Destroyed during the Ottoman invasion in the Turnovo region in 1393, the Plakovo Cloister was reconstructed again towards 1450. After that it was more than once assaulted and set on fire: in 1595, 1706, 1784, 1835, 1842.
The original church underwent repairs and reconstruction on several occasions. One of the last considerable renovations was carried out in 1643. As the legends say, this was a small one-nave church of humble architectural qualities. For that reason, in about 1845, at the time of Hieromonk Sophronius, construction works of great significance for those days were completed whereupon the old church was pulled down and a solid cathedral temple was raised upon its site.
The name of the builder is not known, yet it must have been the work of Nikola Fichev who shortly afterwards erected the Plakovo Monastery's residential wing with the belfry. As available data suggest, the whole of the large-scale church construction in the region around the middle decades of the century was executed mainly by Nikola Fichev. The architectural analysis of the Plakovo cathedral church corroborates this proposition. The cornice, along with the two-step Lombard arcature beneath, are an exact copy of the same elements at the Kilifarevo Monastery's temple which master-builder Nikola Fichev built three years earlier.
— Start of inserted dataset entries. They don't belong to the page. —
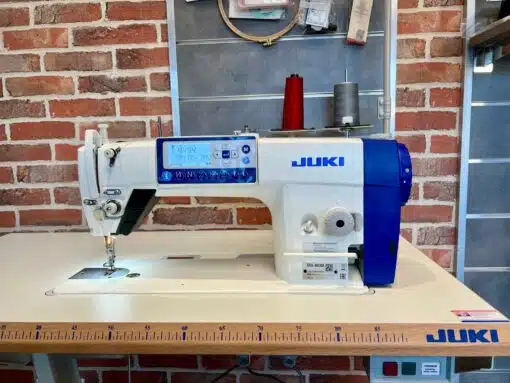 machine à coudre industrielle, piqueuse plate DDL 8000A JUKI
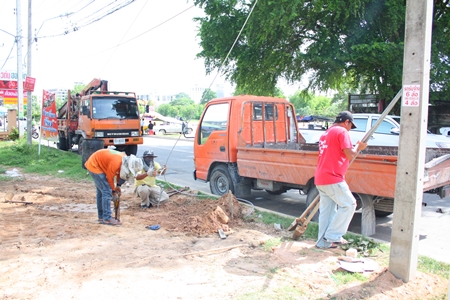 This PEA crew is hard at work installing new high-voltage power poles to enhance service in North Pattaya. 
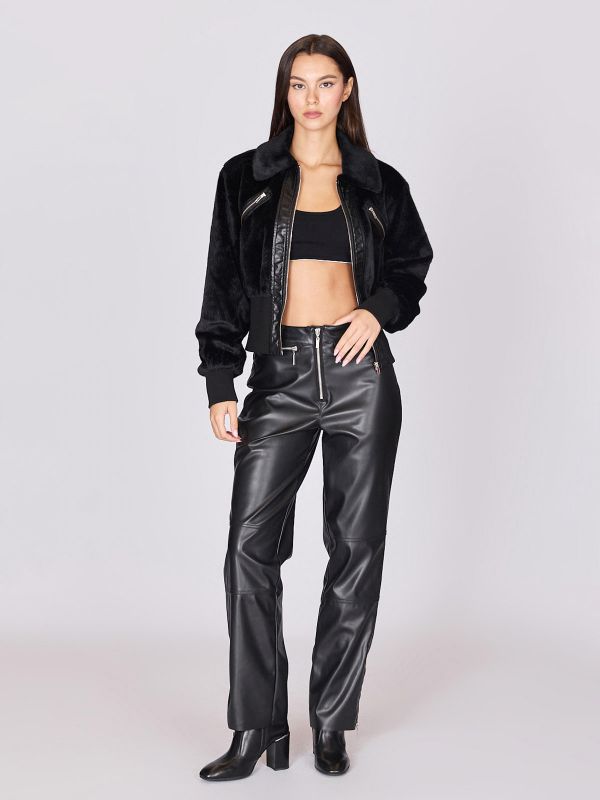 מכנסיים רחבים דמוי עור לנשים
The solution applied to the capitals of the columns encircling the open narthex lent them their specific looks. Shaped like a system of vertical undulating folds, they have their replica in the capitals of the Preobrazhenie Monastery's main entrance which, as is well-known, was also the work of Nikola Fichev. A reflection of the master's creative outlook, characteristic of the age, is also the form of the dome, although its silhouette was modified at a later re-covering. This justifies the assertion that the Plakovo Monastery's cathedral church and the rest of the larger buildings were executed by master-builder Nikola Fichev.
This is a monastery type of a church with three altar niches. A cult edifice of a similar plan was for the first time built in the Preobrazhenie Monastery in 1834. Its construction is attributed to Dimiter Sofialiyata but after his death the work its completion was undertaken by Nikola Fichev. Influenced by this temple, he produced a few more, among which the one at the Plakovo Cloister. Similar to the Preobrazhenie Monastery, he raised here, too, three conches as high as the remaining parts of the body, banding them together with the common cornice line into a uniform system. Perhaps, he had succumbed to the influence of the Batoshevo Monastery's cathedral church. Subsequently, the idea evolved in a multitude of versions developed not only by him but also by other builders from Northern Bulgaria.
In 1850 the masters Krustyu, Apostol and Hristo raised a big stone fountain opposite the open narthex of the church. It is quite possible that these builders erected that same year the older, northern residential wing burnt down by the fire of 1947 which caused great damages to the monastery. It was a two-storeyed building facing the courtyard, with a stone arcade gallery on the ground floor and a light wooden veranda on the upper level. The second residential wing of a later date, the ground floor of which contained a living room with a big fireplace for the monastery's guests, was constructed in 1856 by Nikola Fiche, and further arranged in 1866 when Hajji Sophronia's was abbot. A magnificent belfry, as high as 25.90 m, was annexed to it from the outside. Despite the harsh stone structure of the main body, the gentle lines of the superstructure and the airy Fiche's covering impart picturesque national looks to the outline as a whole.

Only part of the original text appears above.